PROBLEM DESCRIPTION:
In the records below, find the line containing "Long-Term Portable Toilet", then print it and every following line exactly, through the last, without pictures.

Scraped caption text data
++++

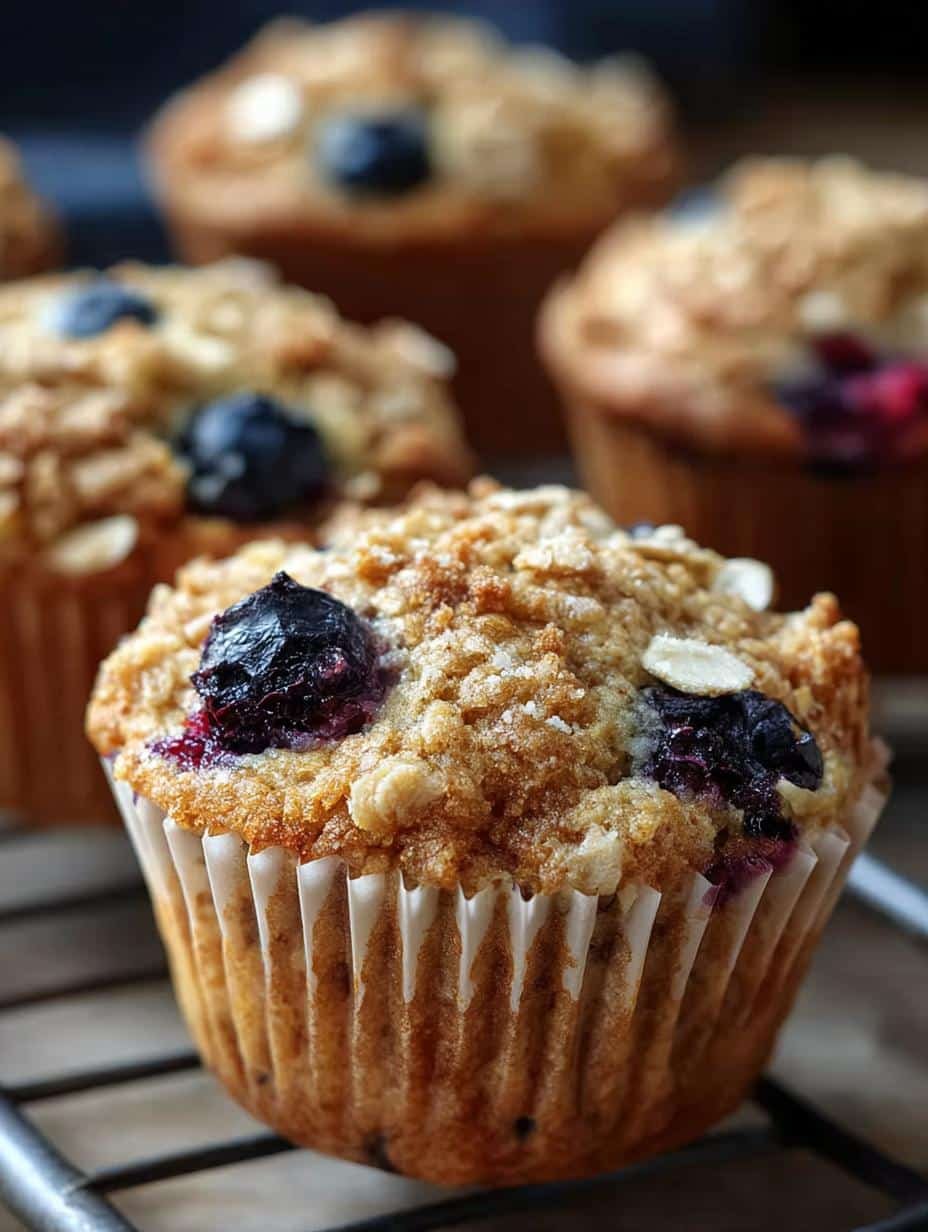 Delicious Blueberry Oatmeal Muffins to Savor Every Bite - Blueberry Oatmeal Muffins - main visual representation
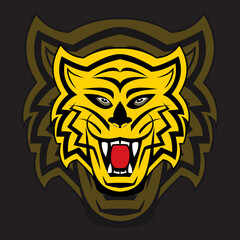 Tiger animal head logo design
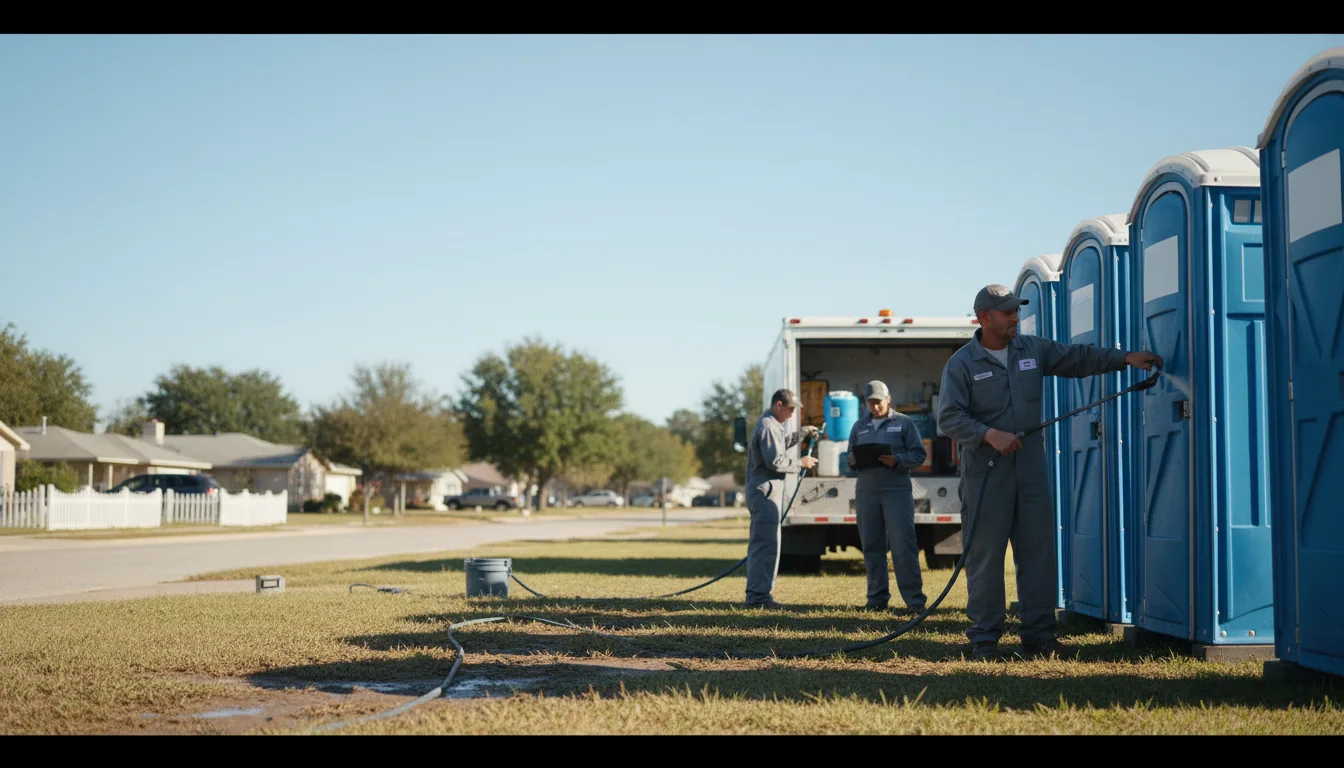 Long-Term Portable Toilet Rental in Willowbrook, IL near me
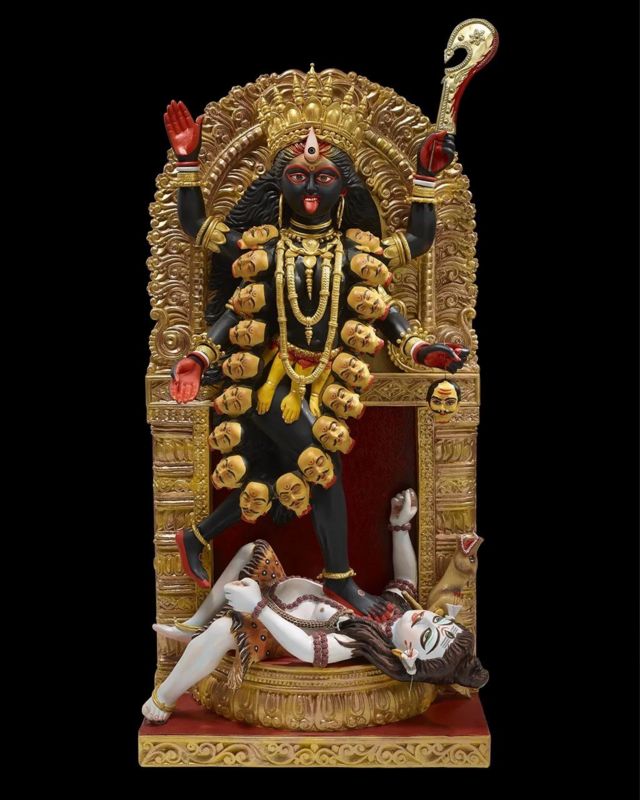 The ancient goddess Kali Murti represents time, doomsday and death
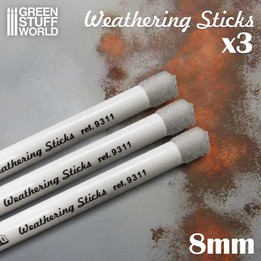 Pinceaux pour Weathering 8mm x3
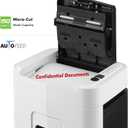 Aurora High Security 150-Sheet Auto Feed Micro-Cut Paper and Credit Card Shredder with 6.3 Gallon Pullout Basket / 60 Minutes/Security Level P-4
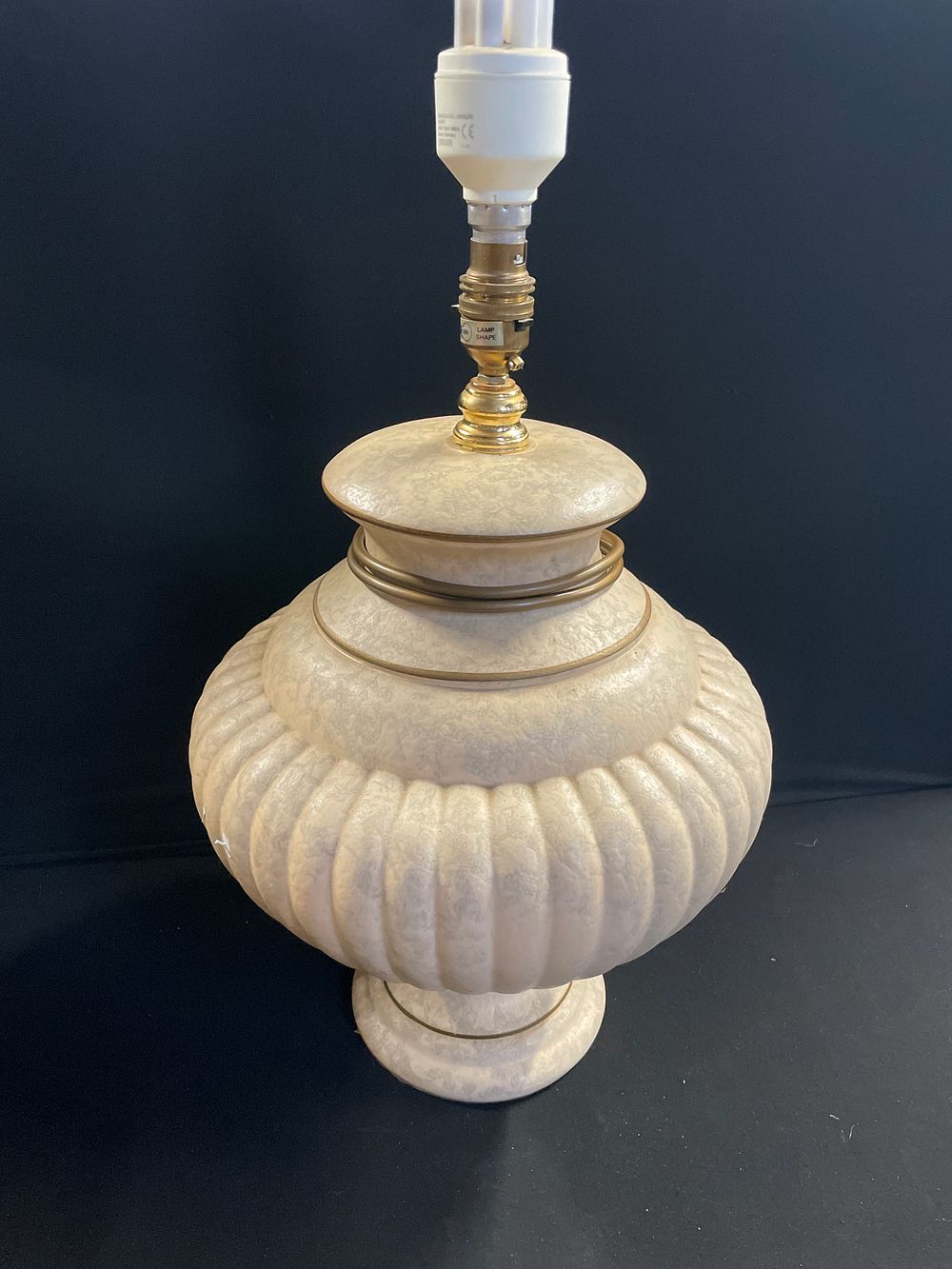 Lot 244: Large lamp base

++++

ANSWER AREA:
 Long-Term Portable Toilet Rental in Willowbrook, IL near me
 The ancient goddess Kali Murti represents time, doomsday and death
 Pinceaux pour Weathering 8mm x3
 Aurora High Security 150-Sheet Auto Feed Micro-Cut Paper and Credit Card Shredder with 6.3 Gallon Pullout Basket / 60 Minutes/Security Level P-4
 Lot 244: Large lamp base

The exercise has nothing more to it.